Le problème était que les techniques existantes n'étaient pas capables de résoudre sans équivoque cette question.
L'analyse de la diffusion des neutrons a été la clé du succès du projet. Les domaines lipidiques sont trop petits pour être vus par des microscopes optiques qui utilisent la lumière pour sonder des échantillons tels que des cellules biologiques. Cependant, les neutrons n'ont pas une telle limitation et peuvent être utilisés pour fournir une vue à l'échelle nanométrique d'une cellule. De plus, contrairement à d'autres outils à l'échelle nanométrique, les neutrons peuvent être utilisés pour examiner une cellule vivante sans l'endommager.
Alors que l'analyse par diffusion de neutrons a surmonté les limitations des autres technologies, il présentait ses propres défis de taille. La première consistait à développer une expérience dans laquelle les neutrons se dispersaient des molécules lipidiques dans la membrane sans interagir avec d'autres composants de la cellule, comme les protéines, ARN, ADN et glucides. Le défi suivant était de distinguer un type de molécule lipidique d'un autre.

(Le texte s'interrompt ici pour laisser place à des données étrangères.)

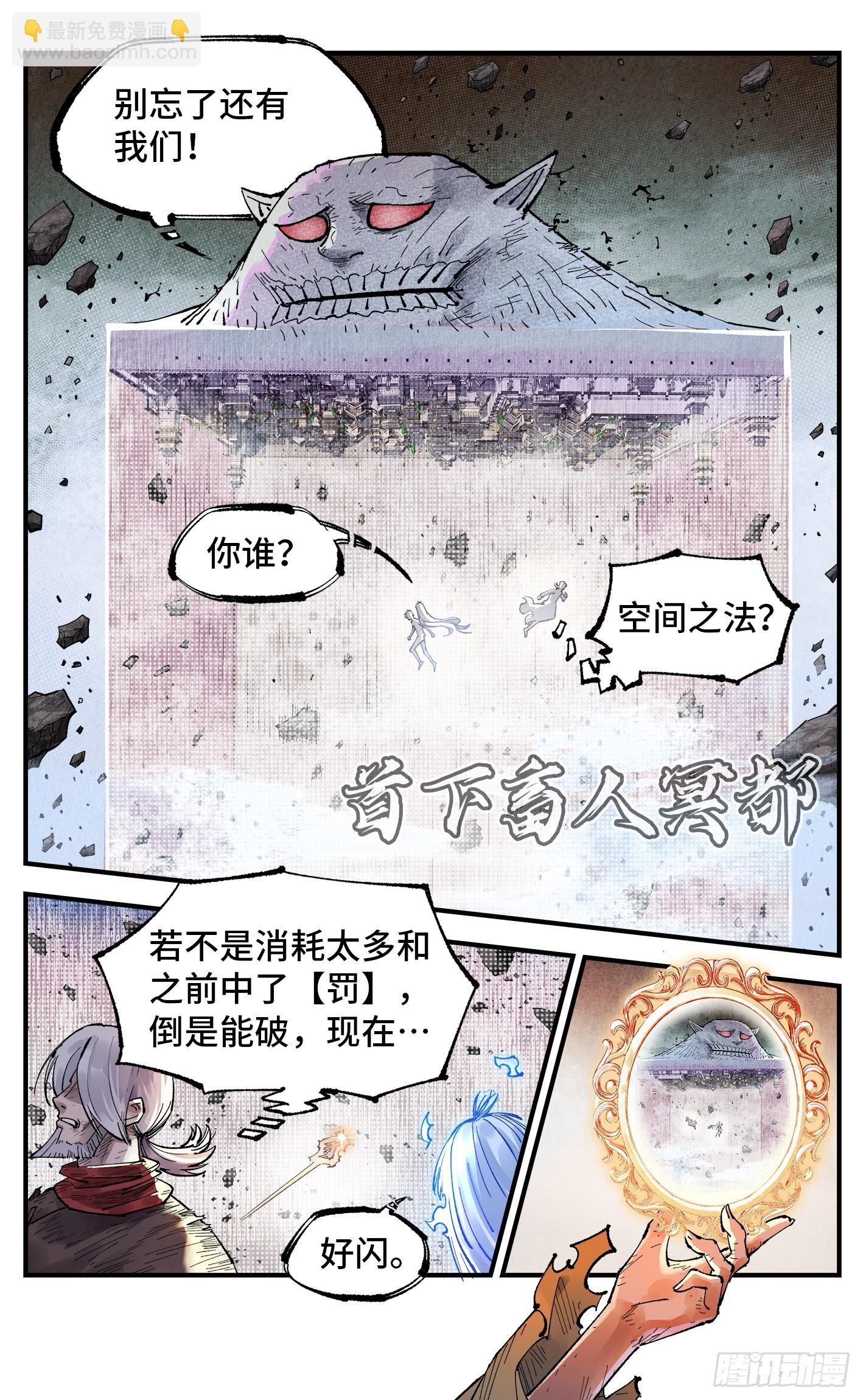第一百五十四回：日月归身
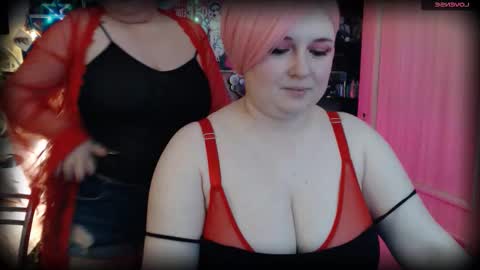 Snapshot of fukushi_ryo chatting on 18, 12, 2025 fukushi_ryo online show from 18, 12, 2025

La solution à ces deux défis réside dans l'utilisation du deutérium, isotope de l'hydrogène dont le noyau contient un neutron ainsi qu'un proton. Par contre, les noyaux d'hydrogène communs contiennent un proton mais pas de neutron. Alors qu'une cellule biologique elle-même perçoit peu de différence entre l'hydrogène normal et le deutérium, les deux isotopes semblent très différents lorsqu'on les regarde en utilisant la diffusion des neutrons.
L'équipe ORNL a créé une souche de la bactérie contenant suffisamment de deutérium pour rendre les structures cellulaires essentiellement invisibles aux neutrons. Ils se sont ensuite assurés que les molécules lipidiques à l'intérieur de la membrane étaient entièrement constituées de deux acides gras contenant des proportions spécifiques de deutérium et d'hydrogène.
Ils ont ensuite introduit les deux types d'acides gras avec des rapports isotopiques différents. La membrane cellulaire était libre de créer et d'incorporer dans sa membrane des molécules lipidiques à partir de celles-ci, avec chaque type de lipide contenant alors un mélange spécifique des deux isotopes. Si les lipides étaient répartis au hasard dans toute la membrane, alors la membrane semblerait uniforme lorsqu'elle est exposée aux neutrons, semblable à un fond optique qui était gris moyen.
Si, cependant, les lipides réunis avec d'autres de leur type, le fond cesserait d'être uniforme et présenterait l'équivalent de zones grises plus claires et plus foncées. C'est en fait ce que l'équipe a trouvé. Les taches grises détectées à l'aide de neutrons mesuraient moins de 40 nanomètres de diamètre. La membrane elle-même avait une épaisseur d'environ 2,4 nanomètres.
Les chercheurs de l'ORNL ont souligné que leur approche consistant à créer un contraste interne au sein des cellules vivantes à l'aide d'isotopes était également prometteuse pour d'autres recherches, ouvrir la technique de deutération ciblée à d'autres techniques physiques (par exemple, spectroscopie par résonance magnétique nucléaire).
"Les personnes qui étudient ces choses ont tendance à utiliser des types particuliers de sondes, " a noté Katsaras. " Ils n'ont pas utilisé la diffusion de neutrons parce qu'elle n'était pas dans la timonerie du biologiste. Notre nouvelle approche expérimentale ouvre de nouveaux domaines de recherche.
"Par exemple, vous pourriez utiliser les bactéries modifiées comme plate-forme pour étudier les antibiotiques, parce que beaucoup de ces antibiotiques parlent vraiment à la membrane."